Responsabilité : les mêmes règles pour tous les intermédiaires

Les consommateurs doivent être sûrs que les intermédiaires et conseillers financiers agissent dans leur seul intérêt. Ce principe d'alignement des intérêts tout au long de la chaîne de valeur figure déjà dans les règles de distribution inscrites dans la Directive MIF pour les produits financiers et dans la Directive sur la distribution de l’assurance (DDA) pour les produits assurantiels.
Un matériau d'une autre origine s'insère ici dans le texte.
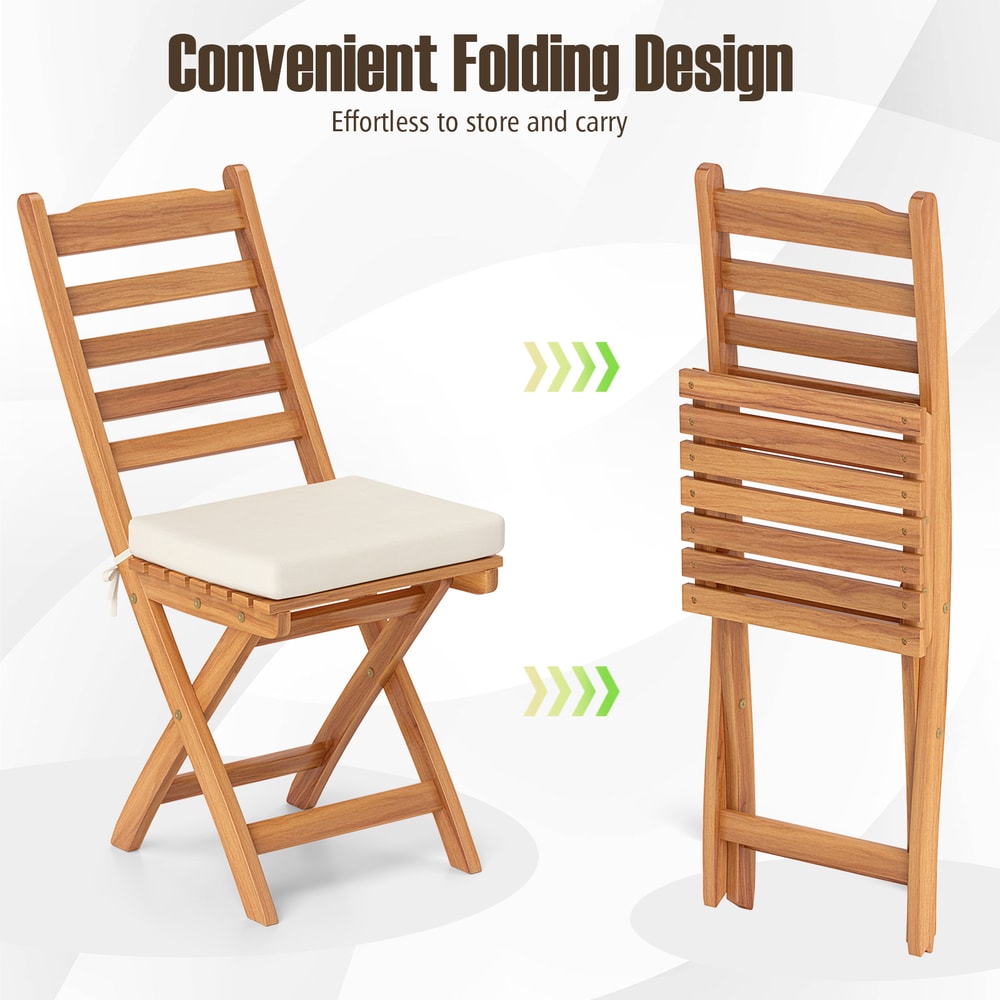 Set Of Patio Folding Chairs With Soft Cushions Acacia Wood Outdoor Lounge Chairs For Balcony Deck O 2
Mais les nuances introduites dans la réglementation, ainsi que les divergences d’approche en matière de supervision, ont conduit semble-t-il à une grande fragmentation dans l'application de ce principe. On le constate aussi bien entre pays européens qu’au sein de chaque marché national. Cette fragmentation augmente le risque d'arbitrage réglementaire : un fournisseur pourrait choisir de « changer de chapeau » pour un même produit, devenant qui distributeur au sens de la DDA, qui distributeur au sens de la MIF2, pour choisir le processus de gouvernance le moins strict.

Une refonte horizontale des règles de distribution et de gouvernance des produits financiers est la meilleure façon de prévenir ce risque. La voie à suivre : une harmonisation plus poussée des éléments constitutifs de l'interaction entre le consommateur, le distributeur et le fournisseur. Un tel objectif doit cependant prendre en compte les spécificités de chaque modèle de distribution, ancrées dans les particularités nationales. Il faudra éviter de réduire ce débat à une dichotomie entre commissions et frais.
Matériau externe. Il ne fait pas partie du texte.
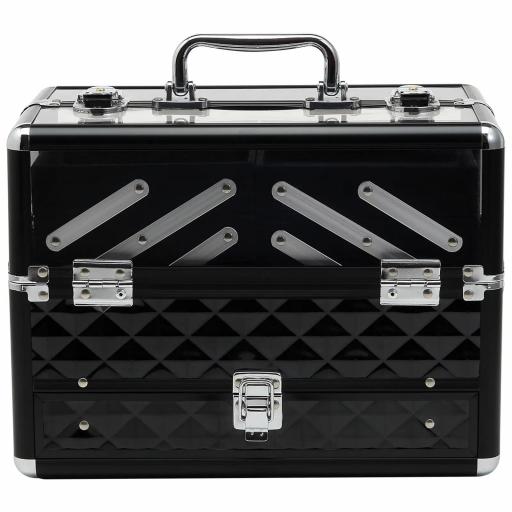 Maletín de Maquillaje Bisutería Organizador Cosméticos Portátil Múltiples Niveles Con Asa y Bandejas Desplegables Aleación de Aluminio 30x18,5x22 cm Transparente y Negro [8]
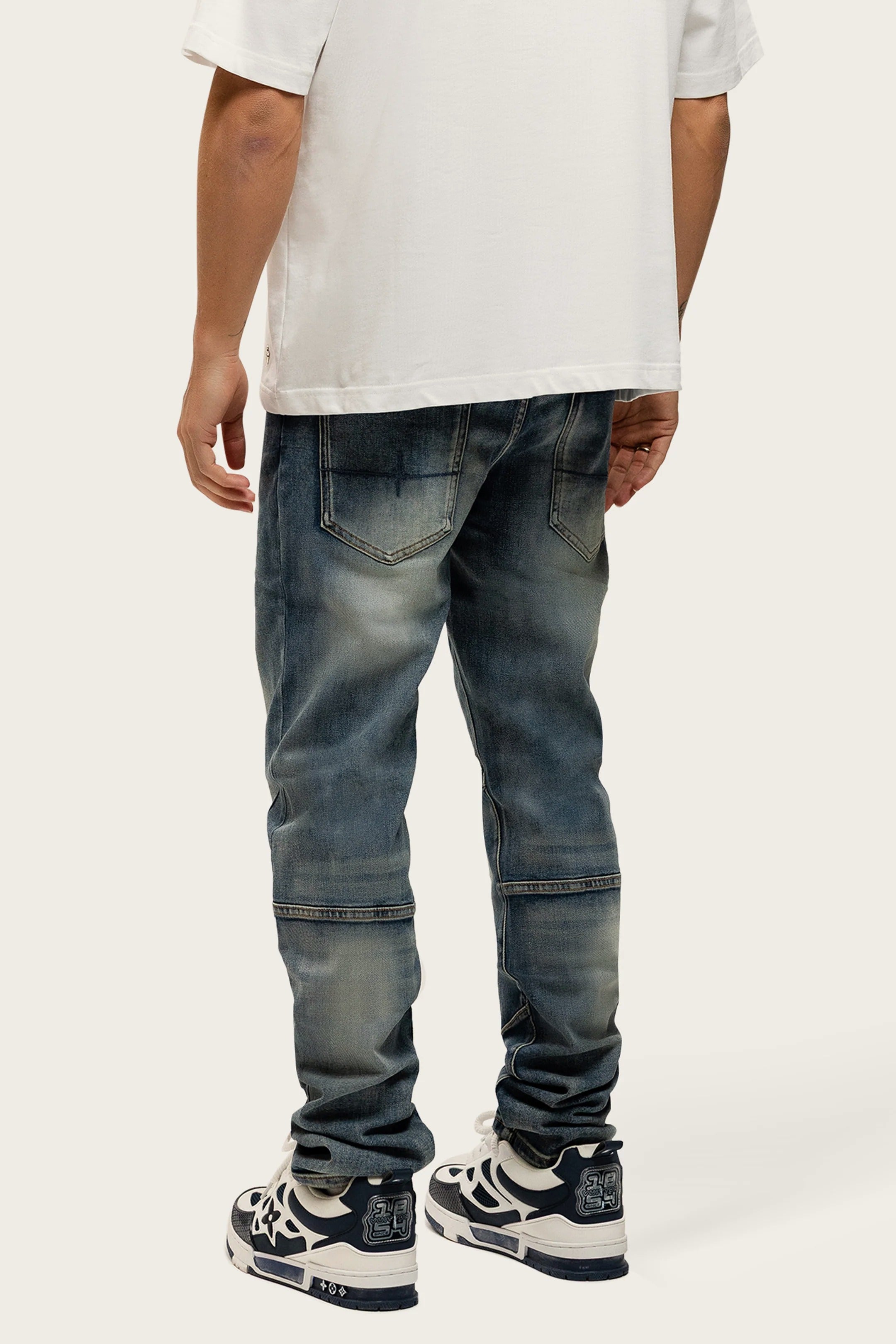 BULLET WASHED BLUE BAGGY JEANS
Le recours accru aux achats mystères, désormais une compétence explicite des autorités européennes de supervision, est un outil puissant pour détecter les anomalies et accroître la responsabilité à tous les niveaux de la chaîne de distribution. Du PDG au conseiller financier, tous les acteurs de la chaîne doivent se concentrer sur le service au consommateur.
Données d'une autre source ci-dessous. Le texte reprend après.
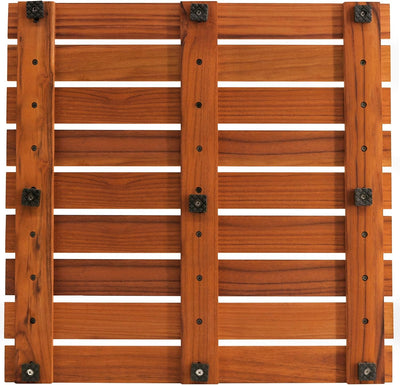 VaeFae Teak Duschmatte rutschfeste Badematte Luxus Spa Matte Holzmatte für Badewanne 50.8 x 50.8 cm
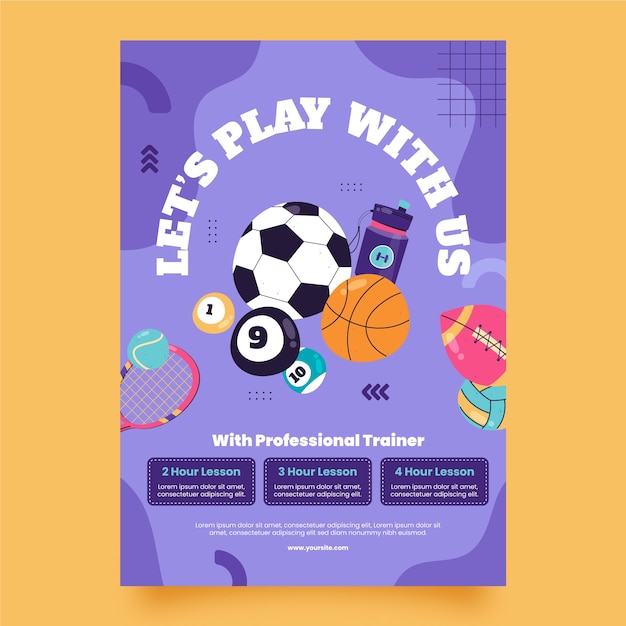 Free vector sport club poster template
Dialogue : la clef de voûte

Refonder un dialogue fructueux entre les acteurs de la chaîne de distribution est le meilleur moyen de donner un sens à la transparence et d’accroître le sentiment de responsabilité. Des discussions régulières doivent avoir lieu entre les consommateurs et les intermédiaires financiers, dans les bons comme dans les mauvais moments.

L’écosystème financier a un rôle moteur à jouer dans ce changement de paradigme culturel, en veillant à ce que les consommateurs considèrent ces intermédiaires comme des partenaires. Les consommateurs ont besoin de leur conseil pour construire des stratégies d'épargne adaptées à leurs besoins et pas seulement « toutes faites ». Les conseillers doivent être à l'affût de tous les produits adaptés à leurs clients, sans se limiter aux produits des producteurs de leur propre réseau.

L'éducation financière dans les écoles et les universités est un autre lever d’action, bien connu, qui doit continuer à être soutenu. Accroître la sensibilisation à l'importance de l'épargne et de l'investissement fait également partie de l'apprentissage, tout au long de la vie. Les employeurs, les syndicats et les organisations de la société civile, parmi tant d’autres, peuvent contribuer à la maîtrise de la culture financière, en France et dans l’UE. L’expérience réussie du nouveau Plan épargne retraite (PER), introduit en France par la loi Pacte, est un exemple à suivre au niveau européen.

À terme, une discussion approfondie devra également avoir lieu sur certaines dynamiques fondamentales liées à l'épargne et l’investissement de détail, tels que les systèmes de retraite et les incitations fiscales. Sur ces sujets, l'Union européenne peut jouer le rôle de catalyseur de potentielles réformes, mais doit s'abstenir d'intervenir dans des débats nationaux sensibles politiquement.

Plus qu’un simple enjeu technique, la révision de la Directive MIF, attendue fin 2022, doit poursuivre la révolution engagée dans la MIF et la MIF2. Refonder la confiance entre consommateur, distributeur et producteur, grâce à la transparence, la responsabilité et le dialogue doit être la boussole du législateur européen. Ceci nécessitera une refonte horizontale des textes liés : la Directive MIF, la Directive sur la distribution d’assurance et le Règlement PRIIPs.